DATA BLOCK:
=== Section Start ===

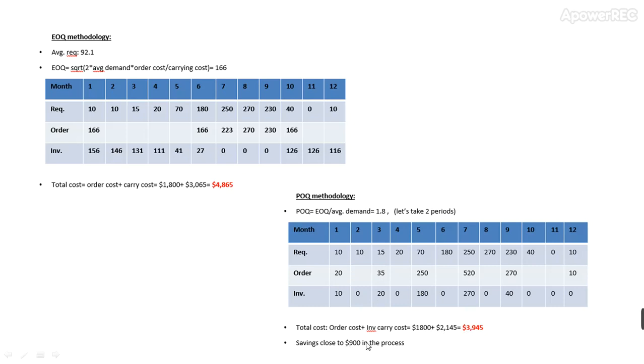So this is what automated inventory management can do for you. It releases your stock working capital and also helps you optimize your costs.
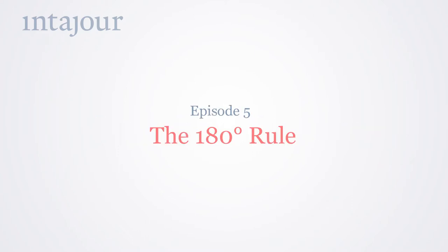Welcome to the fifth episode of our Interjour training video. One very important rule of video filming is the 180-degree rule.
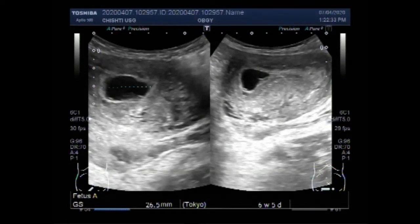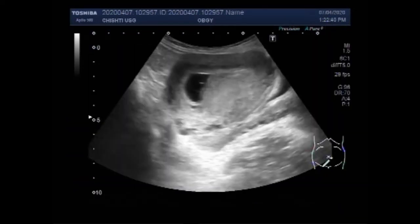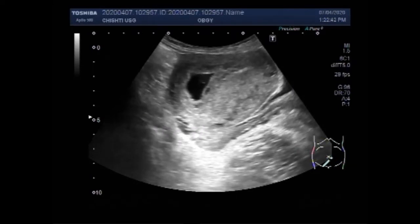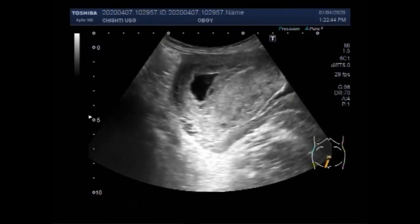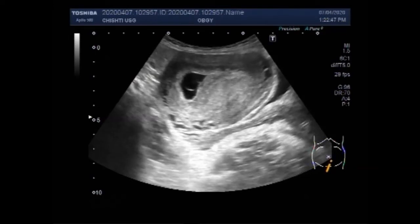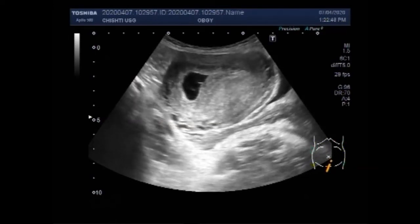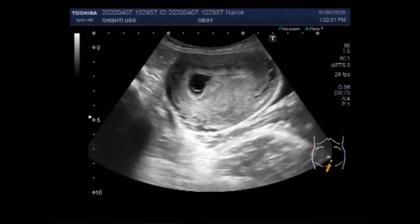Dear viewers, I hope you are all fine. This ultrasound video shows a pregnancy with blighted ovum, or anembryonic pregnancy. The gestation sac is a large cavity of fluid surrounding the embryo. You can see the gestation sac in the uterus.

=== Section End ===

Begin at the line containing "Welcome to the" and copy every line through the end of the data above exactly, omitting the pictures.

Welcome to the fifth episode of our Interjour training video. One very important rule of video filming is the 180-degree rule.
Dear viewers, I hope you are all fine. This ultrasound video shows a pregnancy with blighted ovum, or anembryonic pregnancy. The gestation sac is a large cavity of fluid surrounding the embryo. You can see the gestation sac in the uterus.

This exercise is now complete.